Envolvió el anillo en papel de periódico, lo metió en un sobre acolchado de papel manila, entró en la estafeta central de correos y lo envió al embajador americano en Phnom Penh. En el sobre escribió el nombre de la americana a la que se lo había robado.

Funcionó su intuición. Margie y Wendy no habrían dicho nada del robo si no hubiera sido por el dichoso anillo, una pieza muy valiosa que, además, tenía especial significado sentimental para el marido de Margie, el general del pentágono Aloisius Smith. Las dos damas habían tenido que inventarse una buena historia de ladrones que entraron en sus habitaciones mientras ellas hacían turismo. El general había movido todos sus contactos en el Departamento de Estado y los largos tentáculos de la Administración americana rastreaban ya los mercados negros de peristas de todo Extremo Oriente. Así que el sorprendente gesto de desprendimiento, renunciando a un buen puñado de dinero, le había salvado de una más que probable visita a alguna cárcel, o —quién sabe— de algo peor, que en determinados ambientes y con determinadas cosas no se bromea.

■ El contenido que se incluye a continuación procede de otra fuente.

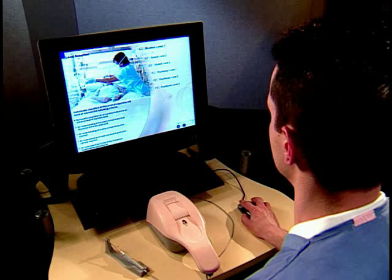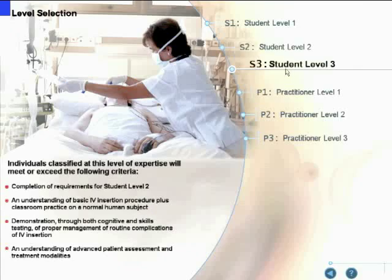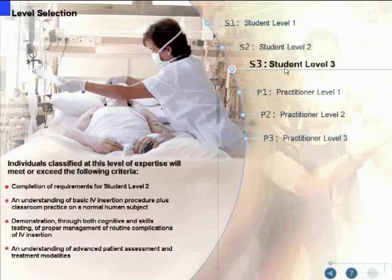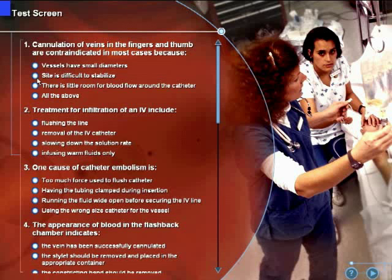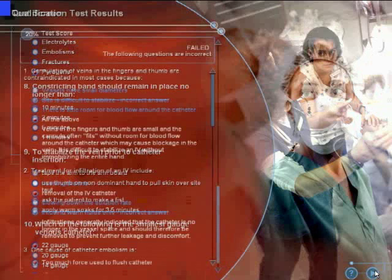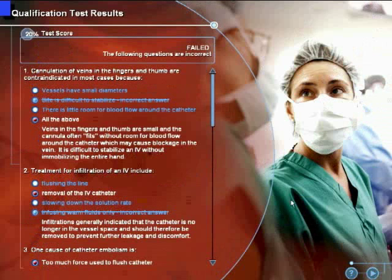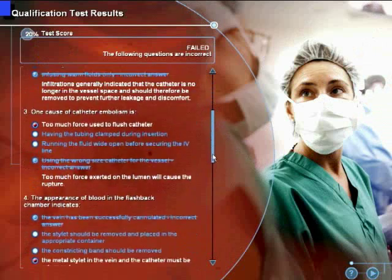If this is your first time in career mode, you will be asked to choose your initial level of competency. Choose the skill level that most closely matches your competency. If you choose a skill level above S1, you will be transitioned to a qualifying test which you will need to pass to begin training at this level. Answer all 10 questions and advance to the next screen.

Labastide nunca supo con certeza que le buscaban por culpa del dichoso anillo, ni que ya le pisaban los talones, ni que, un par de días después de su visita a Madame Chang, cuatro miembros del Consulado americano en Shanghái registraron de arriba abajo el sótano de la perista, del mismo modo que escenas similares se desarrollaban en antros parecidos de Hong Kong, Singapur, Bangkok, Saigón, Kuala Lumpur y otras ciudades de la zona. Y que el gesto de devolver el anillo de forma anónima le había servido, curiosamente, para comprar algo de valor incalculable: libertad.

A las diez y treinta y cuatro minutos de la mañana de un día bochornoso y nublado del mes de abril, Bruno Labastide embarcó en el aeropuerto de Hongqiao rumbo a la calma. Sentado en asiento de clase preferente, con una copa de champán en la mano y varios miles de dólares en las alforjas, no pudo contener una mueca de nostalgia y ternura al recordar sus comienzos en París, como botones de hotel, cuando era un adolescente desgarbado con acné que se ruborizaba al ver hermosas damas en albornoz.